O futebol brasileiro precisa ser refundado

O futebol brasileiro precisa ser refundado

Nós estamos sozinhos. O destino queria – e todas as pessoas que votaram em Bolsonaro ou cancelaram a votação – que passássemos por uma pandemia liderada por um psicopata que, com a ajuda de seu ministro da Fazenda, não teve chance de cometer genocídio. É aqui que estamos agora: sozinhos e sozinhos, implorando por um pouco de sorte e lidando com o medo e o desamparo.

Todas essas sensações são ainda piores para quem não consegue se isolar, para quem não tem onde se isolar, para quem precisa trabalhar e se expor ao vírus para não morrer de fome.

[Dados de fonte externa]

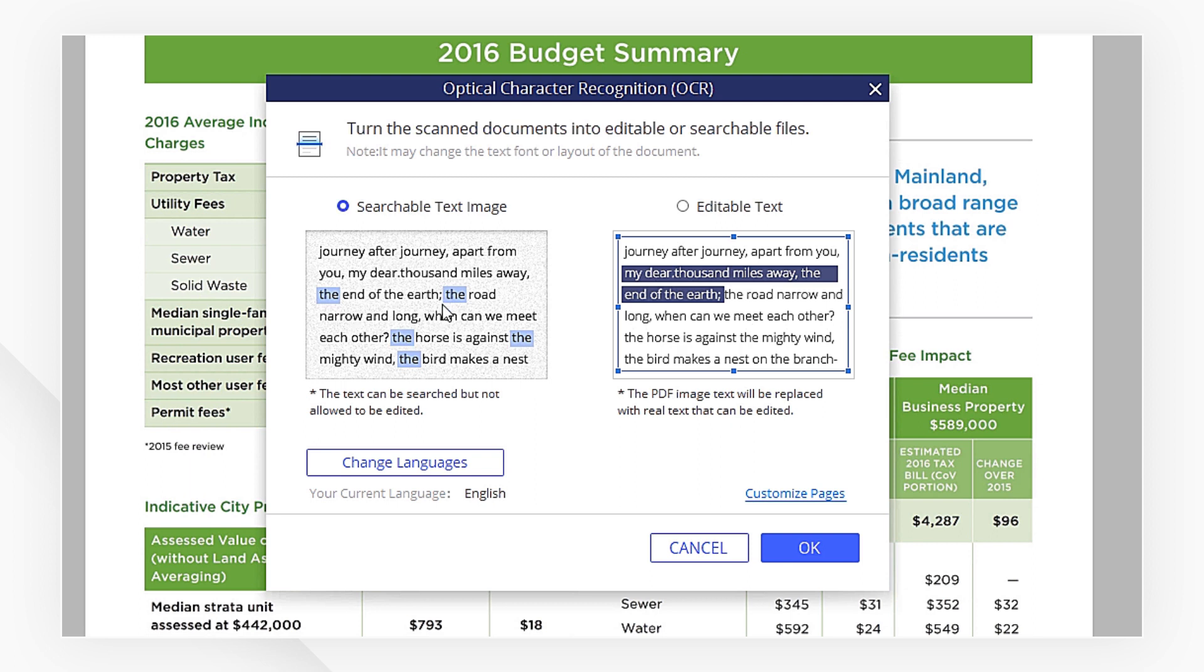If we also want to edit the text, we need to choose editable text. The PDF image will be replaced with real text.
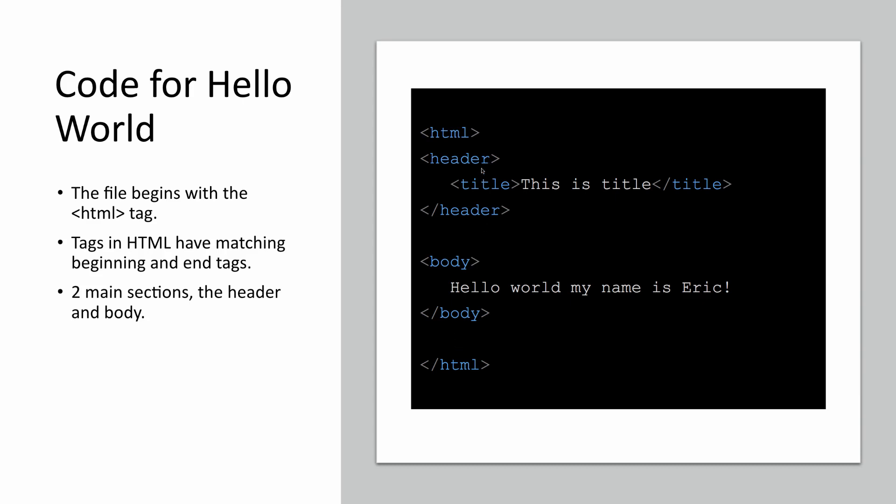There's a header, which again begins with a header tag and ends with a matching ending header tag. And then there's a title. The title is going to be what's displayed at the top of your web browser when this page is rendered. And then there's the body.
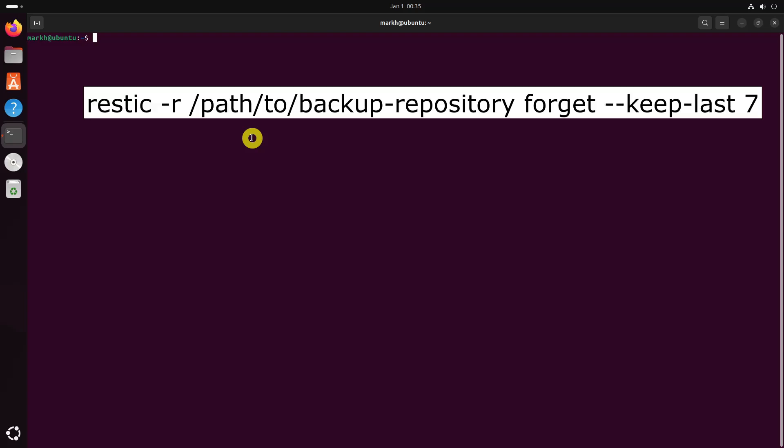Over time, your backup repository may grow in size. You can prune backups using the following command, which will keep the last 7 backups and delete older ones. You can adjust the keep-last option to suit your needs.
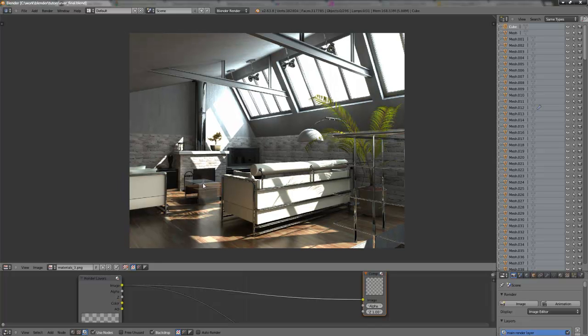Hello, this is Mike Ardionov and here is my first tutorial about architectural visualization with Blender and Blender Internal Renderer. In this tutorial I will describe how to create this stand with Blender and Blender Internal, how to render it, and how to get such smooth and realistic lighting.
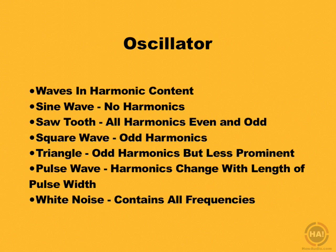In this clip, we'll take a look at the basics of waves and their harmonic contents, and we'll look at all the basic wave shapes that are created by an oscillator, and also explain to you what is the role of an oscillator in a synthesizer. So let's get started.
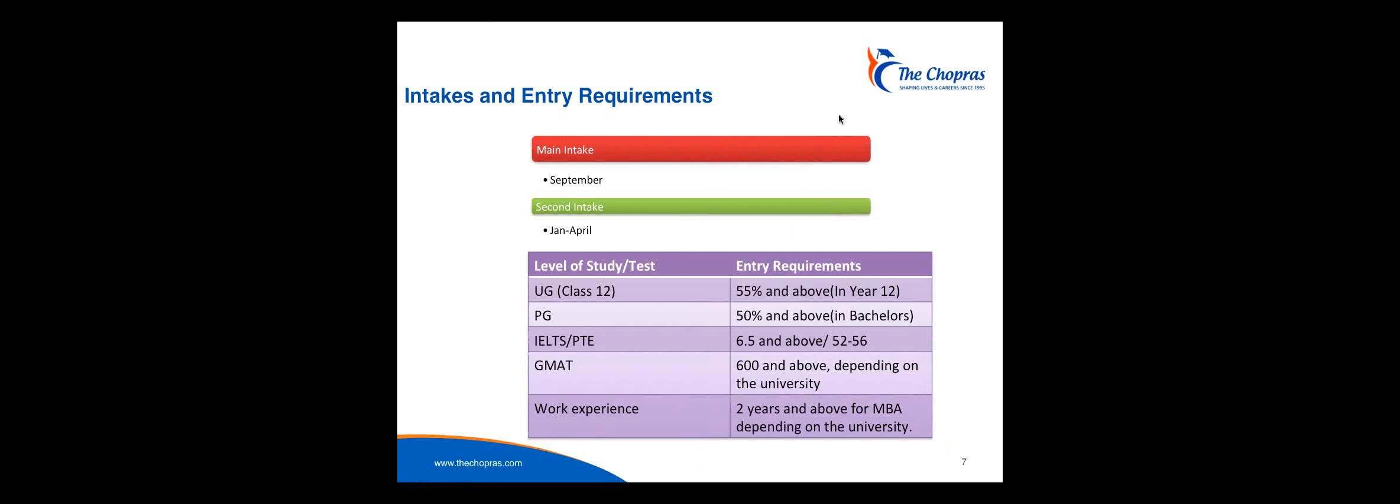Now, intakes and entry requirements. The key thing is that the key intake is in September. However, there are other intakes as well. A lot of these are in January, but these are typically smaller intakes for what we call the new universities. A very select number of the traditional universities maybe have a few subjects on offer. Now, we're also looking here at the entry requirements. Please don't be deceived by the percentages. We've put them down to show you that you can get in, even though you have lower marks, but it doesn't mean that you can go to the best universities. If you're looking at the top-end universities, just as Delhi University is going to look for very high marks. The reason we've put those marks down is because what the UK does offer you are pathway programs.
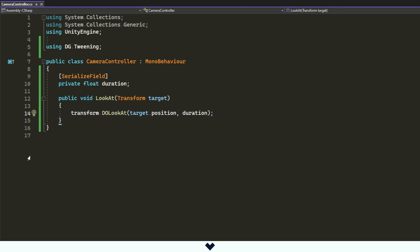We can use the already existing method from DOTween, which is DoLookAt. It takes as parameters the position and the duration. It will make the camera rotate from point A to point B in a specific time. After we make sure that our method is public, we save and then go back to the Unity editor.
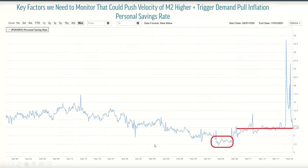So what would cause the velocity of M2 to move higher? Obviously we've got government spending - there are another several trillion on the docket to be passed for that. Outside of that, what are the key factors we could monitor using Zax Advisor Tools that would tell us if we can expect the velocity of M2 to start moving higher and perhaps trigger that demand-pull inflation?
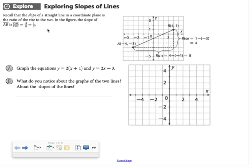In this lesson, we're bringing the parallel and perpendicular lines conversation into the coordinate plane. And we're talking about something that you've seen before — slope from Algebra 1.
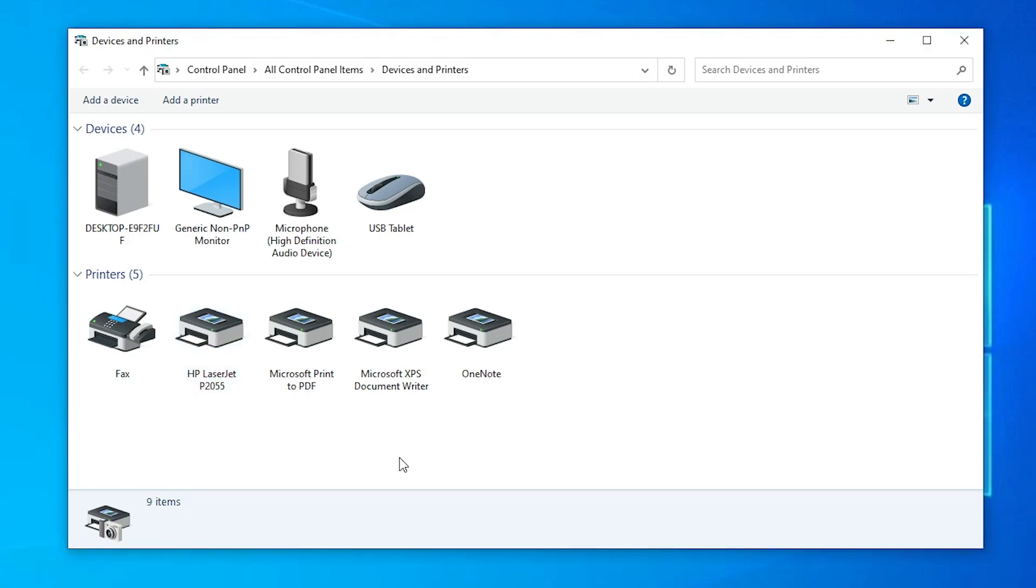So guys, this is the simplest way to install HP Universal printer driver for our old printers. Thank you for watching this video. Don't forget to like, share, comment on this video and subscribe to this channel. Thank you guys.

No meio desta tragédia sem precedentes, existe um futebol que se recusa a parar. Negativamente, continua como se quase nada estivesse acontecendo com base na crença limitadora e equivocada de que as pessoas precisam dessa distração.

A população precisa de muitas coisas, sim: oxigênio, segurança alimentar, acesso a tratamento, proteção social. O futebol não é crucial no momento. Mas ele poderia exercer sua função social, que parece ter perdido de vista.

Mas o futebol, assim como a economia, não pode parar. É o que diz o mantra dos donos do poder.

O encontro da CBF, em que o presidente Rogério Caboclo fala com representantes de diversos clubes brasileiros, e que foi publicado pelo Blog do Venê Casagrande (obrigado Venê), revela o que há de podre nesse esporte que amamos.

Nas palavras de Caboclo, está claro por que o futebol não pode parar: as empresas que pagam por ele não param. Eles são patrocinadores, a empresa que assiste TV, enfim, o dinheiro. Se o capital não quer parar, não há motivo para parar, sejamos razoáveis.

As palavras da razão estão sempre ao lado de quem diz coisas como “claro que vão perder algumas vidas, isso é uma parte. O que não pode parar é a economia”. Qualquer pessoa que chame a atenção para o sentido da vida é rapidamente chamada de ingênua.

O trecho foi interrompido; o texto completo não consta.